Short descriptive text snippets
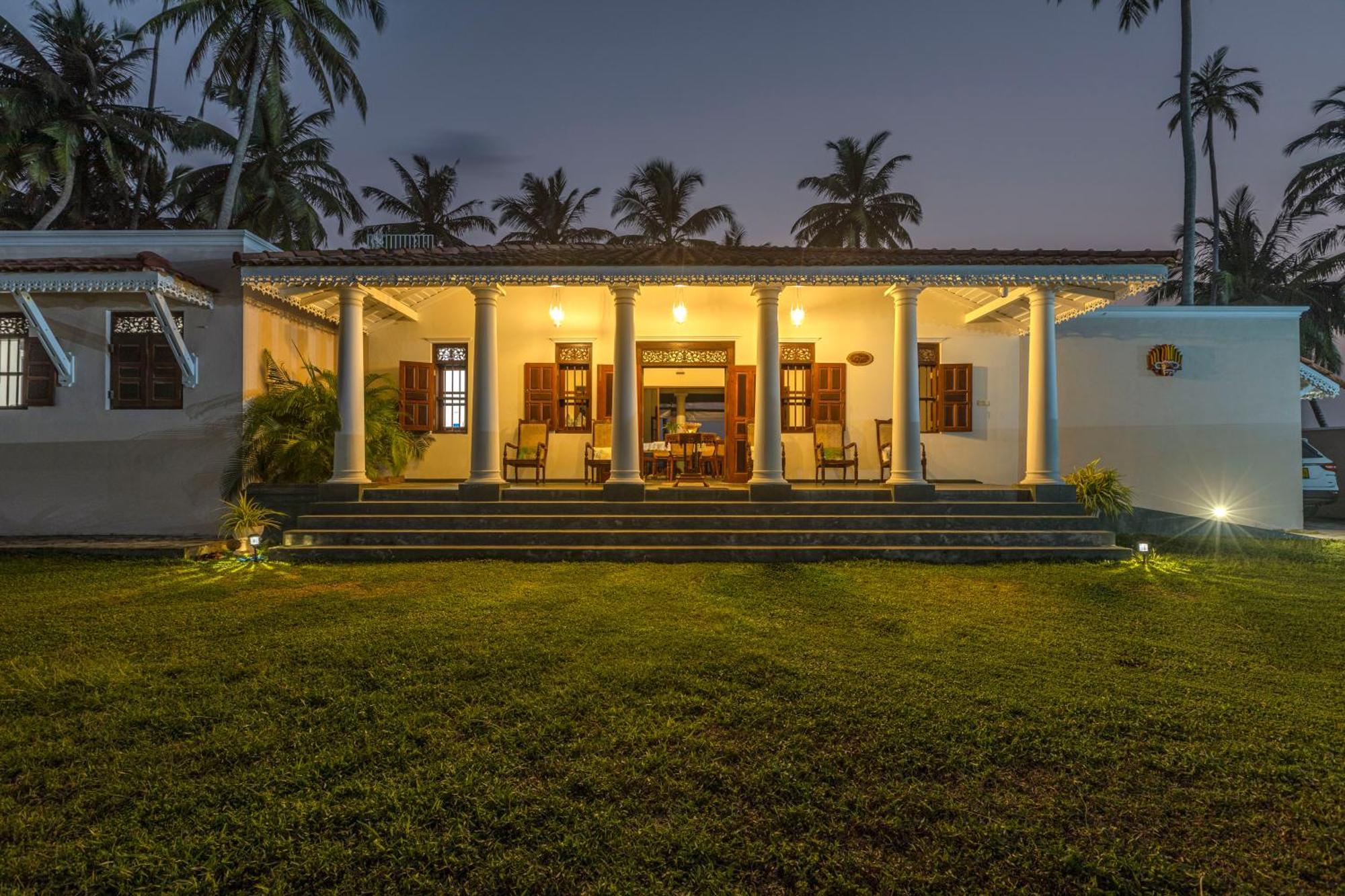 Отель House By The Sea Hikka Хиккадува Экстерьер фото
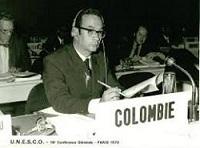 Alberto Ospina Taborda en representación de Colombia en conferencia de la UNESCO en París Alberto Ospina Taborda en representación de Colombia en conferencia de la UNESCO en París
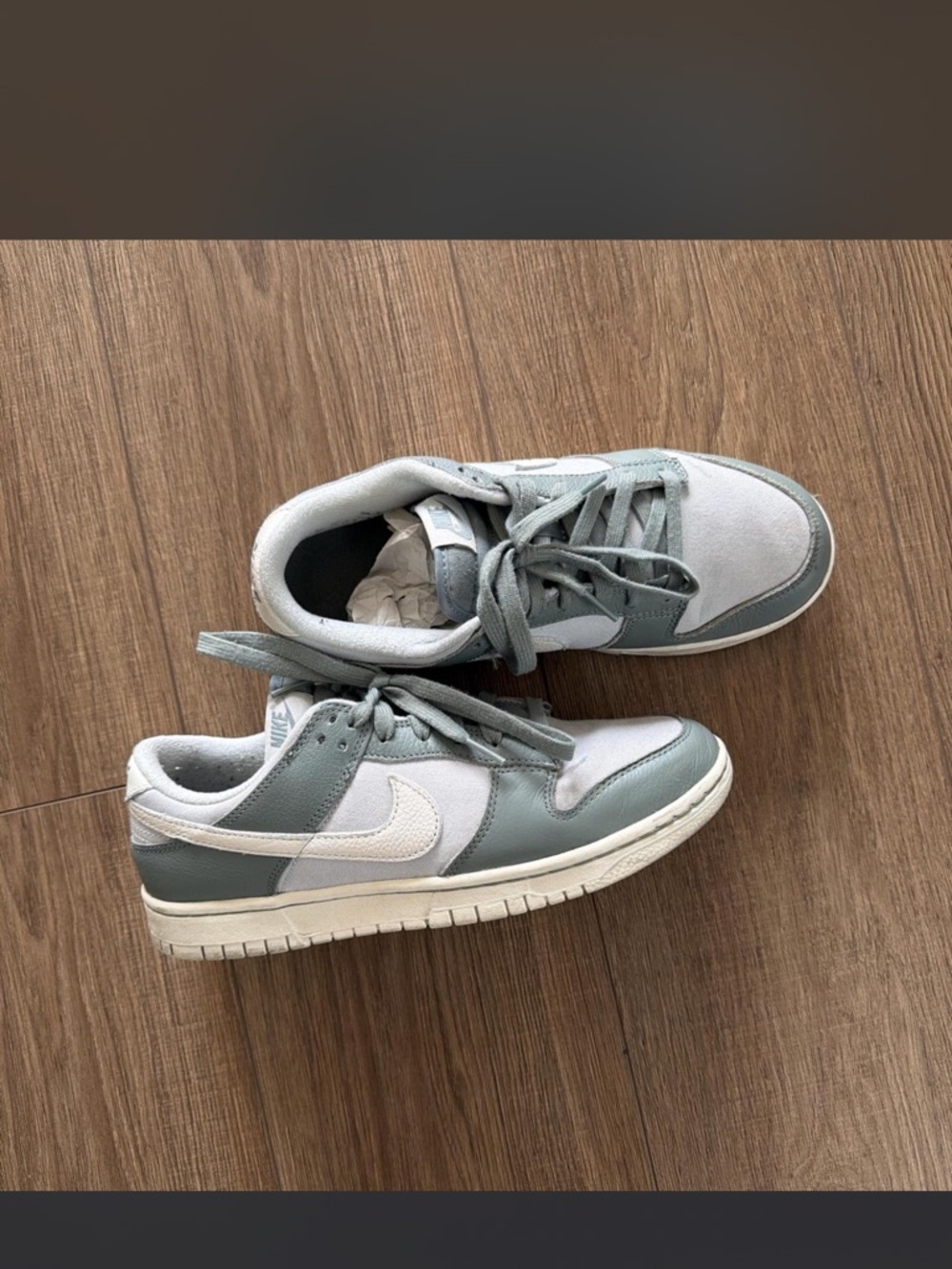 Nike Low-Top Athletic Sneakers in Light Gray and White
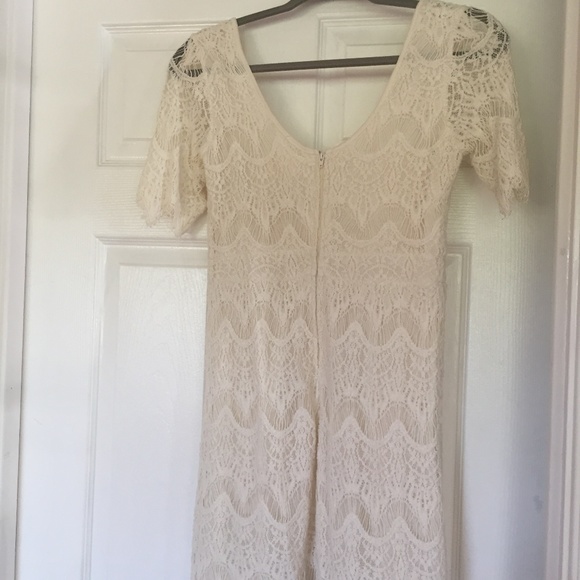 ***SOLD***Pins & Needles Cream Lace Dress - Picture 3 of 6
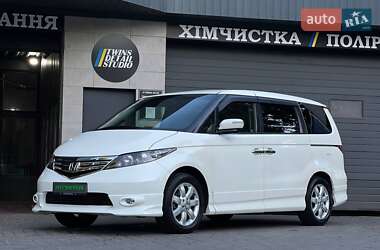 Минивэн Honda Elysion 2011 в 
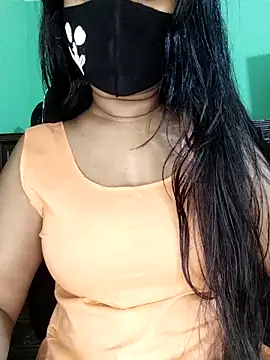 Idhika Paul online show from 03/24/26, 11:32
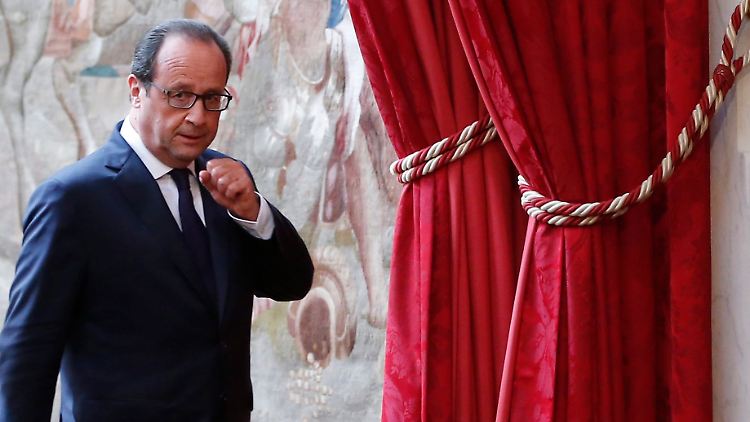Frankreichs Präsident Francois Hollande muss schmerzhafte Einschnitte vornehmen.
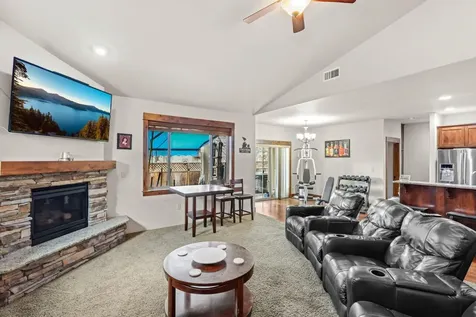 3609 Mallard Lane Medford OR 97504
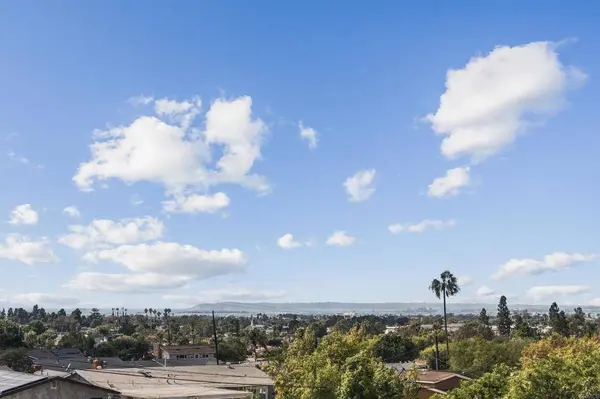 942 Monterey CT, Chula Vista, CA 91911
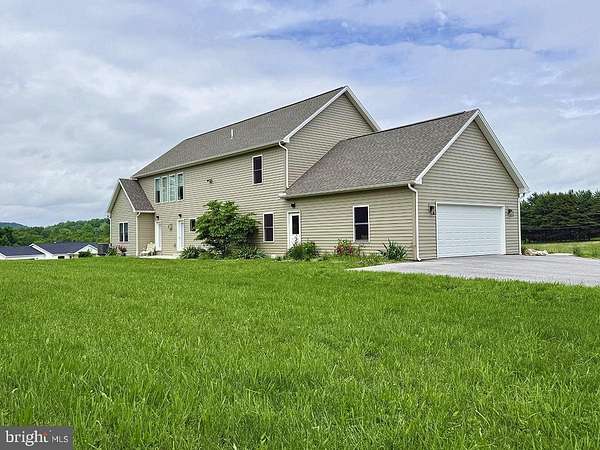 1.66 Acres of Residential Land with Home for Sale in Shermans Dale, Pennsylvania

▸ What the task requires
Excluding the pictures, restate the records above word for word.

▸ Written response
 Отель House By The Sea Hikka Хиккадува Экстерьер фото
 Alberto Ospina Taborda en representación de Colombia en conferencia de la UNESCO en París Alberto Ospina Taborda en representación de Colombia en conferencia de la UNESCO en París
 Nike Low-Top Athletic Sneakers in Light Gray and White
 ***SOLD***Pins & Needles Cream Lace Dress - Picture 3 of 6
 Минивэн Honda Elysion 2011 в 
 Idhika Paul online show from 03/24/26, 11:32
Frankreichs Präsident Francois Hollande muss schmerzhafte Einschnitte vornehmen.
 3609 Mallard Lane Medford OR 97504
 942 Monterey CT, Chula Vista, CA 91911
 1.66 Acres of Residential Land with Home for Sale in Shermans Dale, Pennsylvania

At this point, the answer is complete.